Eligibility Criteria
Ages Eligible for Study
- Adult
Accepts Healthy Volunteers
Yes
Description
Inclusion Criteria:
- Participants aged 18-55 years old at the time of screening, who are in good health condition as determined by the study clinician.
- Participants who have not been vaccinated with any meningococcal vaccines (including but not limited to meningococcal group A and C conjugate vaccine, meningococcal group A and C polysaccharide vaccine, Group ACYW135 Meningococcal polysaccharide/conjugate vaccine).
- The participant or participant's legal guardian signs the informed consent form (ICF) and participant agrees to comply with the requirements of protocol and finish the 1-year follow-up.
- Participants who are willing to discuss medical history with investigators or doctors and allow access to all medical records relevant to this trial.
Participants with child-bearing potential who are willing to practice adequate contraception methods from signing the ICF to 12 months after vaccination. This includes:
- Abstinence from penile-vaginal intercourse,
- Hormonal contraceptives such as oral contraceptives (the pill), injectables, implants, patches or estrogen vaginal ring (a ring-shaped hormonal contraceptive device that is used inside the vagina),
- Intrauterine device (IUD/Spiral),
- Male partner sterilization (vasectomy) prior to the female subject's entry into the study, and this male is the sole partner for that subject,
- Male condom combined with a vaginal spermicide (a substance that can kill the sperm cells inside the vagina) or female diaphragm, whether with or without a vaginal spermicide .
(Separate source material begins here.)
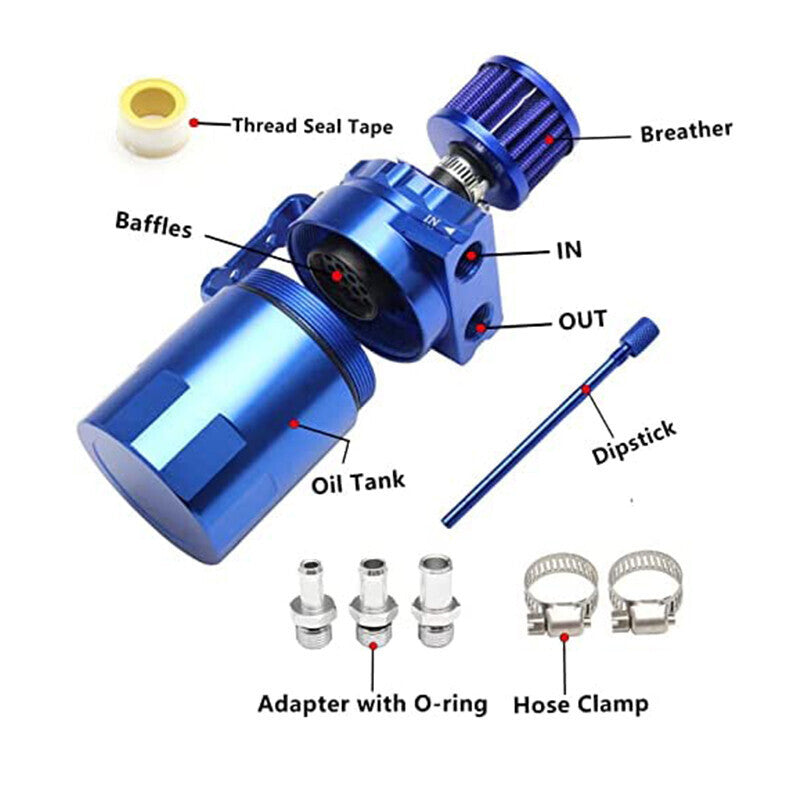 DURAFORCE Blue Oil Catch Can Kit Reservoir Baffled Tank with Breather Filter Universal Alu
- Be able to communicate well with the investigator, and to understand and comply with the requirements of this clinical trial.
Exclusion Criteria:
- Axillary temperature >37.5°C (99°F).
- Have congenital malformations or developmental disorders, genetic defects, severe malnutrition, etc.
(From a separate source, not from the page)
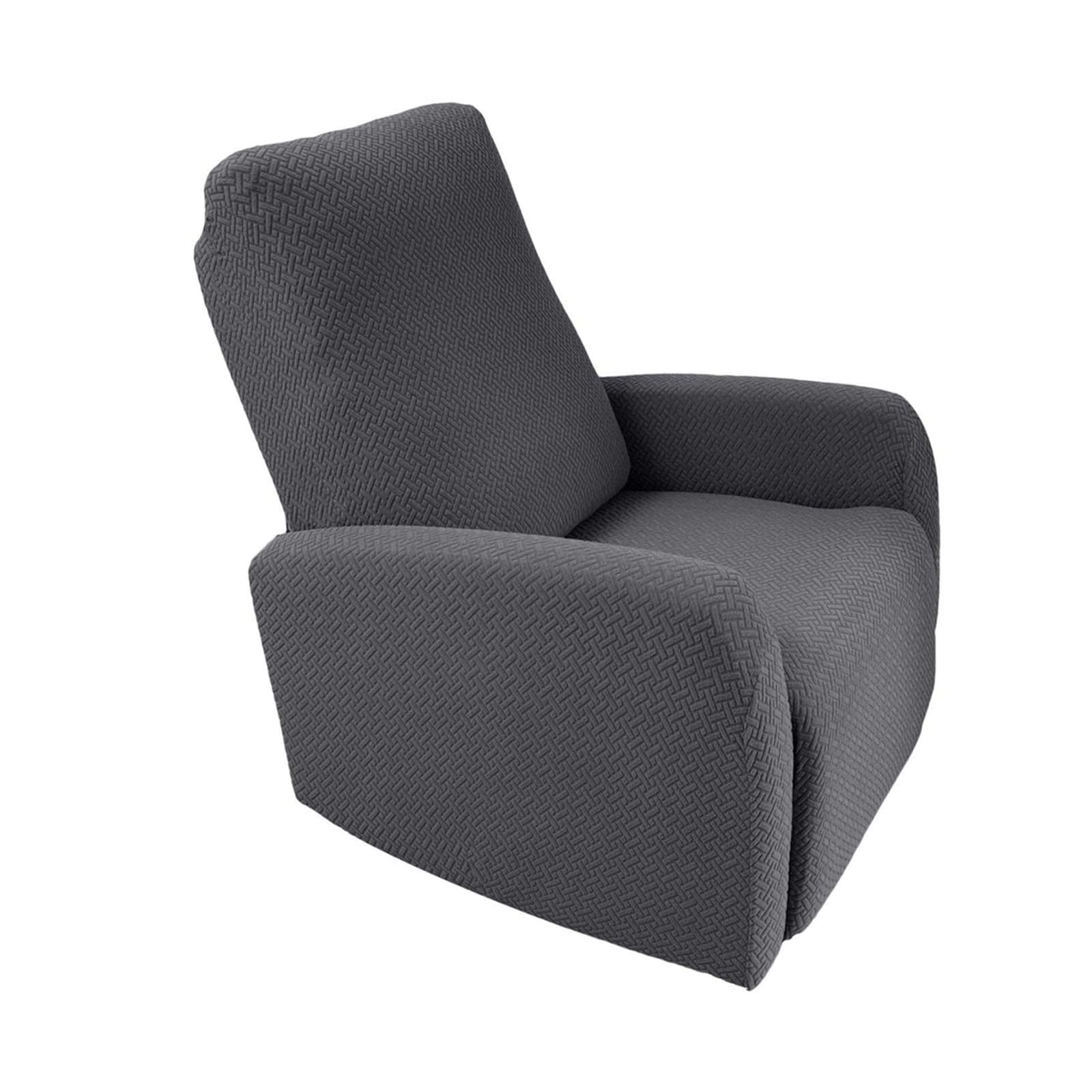 Funda reclinable elástica de jacquard en 4 piezas para sillón relax gris oscuro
- A history of epilepsy, convulsions or history/family history of mental illness.
- Have meningitis or a history of meningitis illness.
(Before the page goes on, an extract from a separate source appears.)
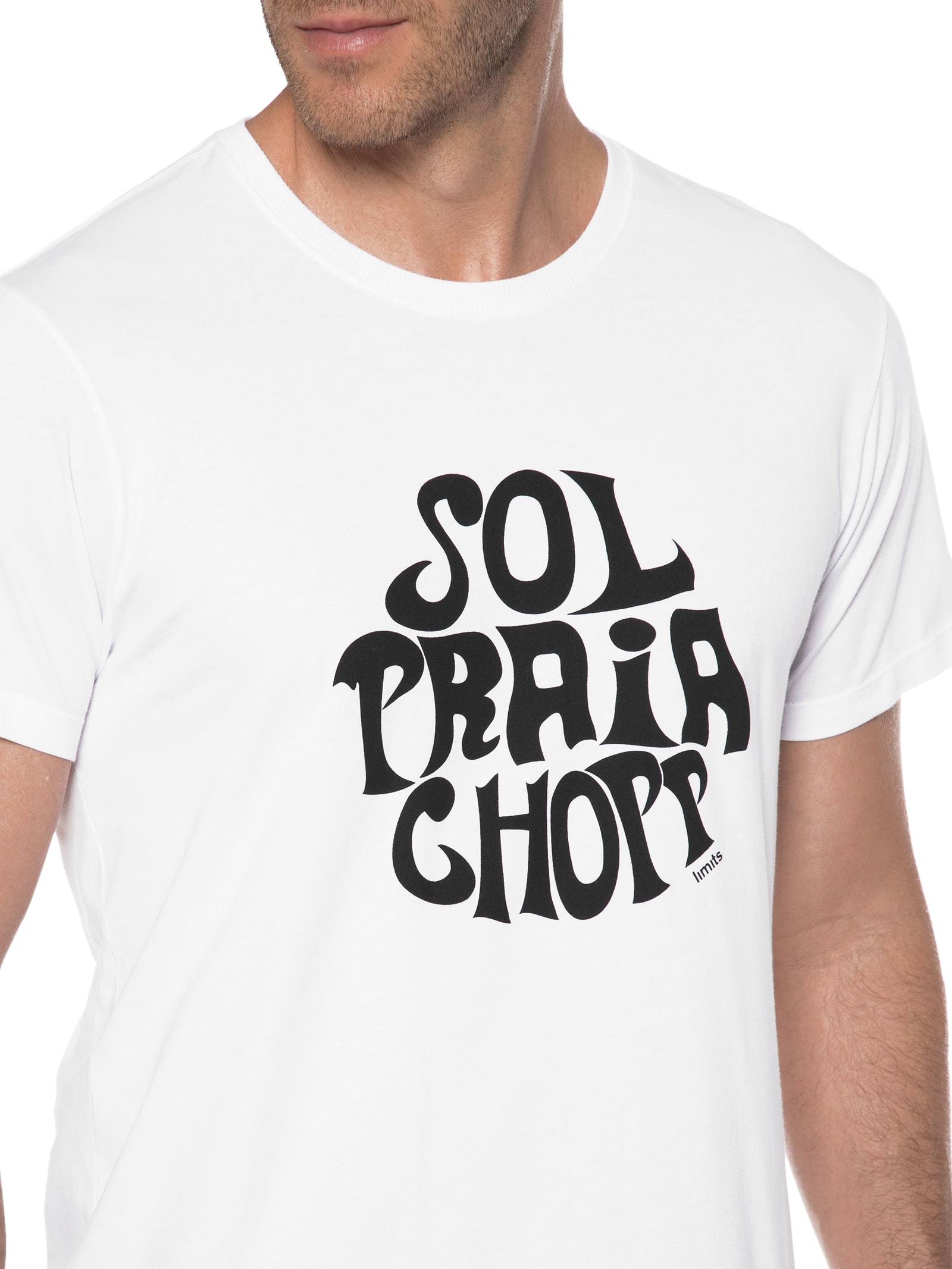 Camiseta Masculina Touch Minha Praia Branco Limits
- Positive result of urine pregnancy test (also required for women within one year of menopause), lactating women, or participant /his partner is planning to become pregnant within 1 year.
- Hypersensitivity to a component or excipient of the vaccine used in this clinical trial (mainly: group A, C, Y or W135 meningococcal capsular polysaccharide, diphtheria toxoid or diphtheria antigen, sucrose, mannitol, sodium chloride, dipotassium hydrogen phosphate trihydrate, potassium dihydrogen phosphate).
- In the past 6 months (internal time < 6 months), participants have received immunosuppressive treatment, cytotoxic treatment, glucocorticoid treatment, etc. (excluding local treatment, surface treatment of acute non-concurrent dermatitis, spray treatment of allergic rhinitis).
- Received or plan to receive blood/plasma products or immunoglobulins throughout the study period or 60 days prior to study vaccination.
- Use of non-prescription drugs such as antipyretic (e.g., acetaminophen) and anti-inflammatory drugs (e.g., ibuprofen, naproxen etc.) within 12 hours before the administration of vaccine.
- Have severe hypertension that is not controlled by medication (at the time of field measurement: systolic blood pressure ≥ 160 mmHg and diastolic blood pressure ≥ 100 mmHg).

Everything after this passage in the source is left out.